La preoccupazione per l’espansione dell’Organizzazione del Trattato del Nord Atlantico (NATO) verso il confine russo è una delle cause dell’attuale guerra in Ucraina. Ma questo non è l’unico tentativo di espansione della NATO, un’organizzazione creata nel 1949 dagli Stati Uniti per indirizzare il proprio potere militare e politico sull’Europa. Nel 2001, la NATO ha condotto un’operazione militare “fuori area” in Afghanistan che è durata 20 anni, e nel 2011 la NATO, su richiesta della Francia, ha bombardato la Libia e rovesciato il suo governo. Le operazioni militari della NATO in Afghanistan e Libia sono state il preludio alle discussioni su una “NATO globale”, un progetto che mira ad utilizzare l’alleanza militare della NATO al di là dei propri obblighi scritti su carta, dal Mar Cinese Meridionale al Mar dei Caraibi.
Di Vijay Prashad
La guerra della NATO in Libia è stata la prima grande operazione militare in Africa, ma non è stato il primo approdo militare europeo sul continente. Dopo secoli di guerre coloniali europee in Africa, nuovi Stati sono emersi all’indomani della Seconda Guerra Mondiale per affermare la loro sovranità.

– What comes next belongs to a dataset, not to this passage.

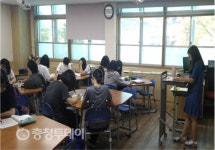 대전여자고등학교, 남들보다 뛰어난 ‘혁신 교육’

Molti di questi Stati – dal Ghana alla Tanzania – si sono rifiutati di permettere alle forze militari europee di rientrare nel continente, motivo per cui queste potenze europee sono ricorse ad assassinii e golpe militari per farsi amici i governi filo-occidentali della regione. Ciò ha permesso la creazione di basi militari occidentali in Africa e ha dato alle imprese occidentali la libertà di sfruttare le risorse naturali del continente.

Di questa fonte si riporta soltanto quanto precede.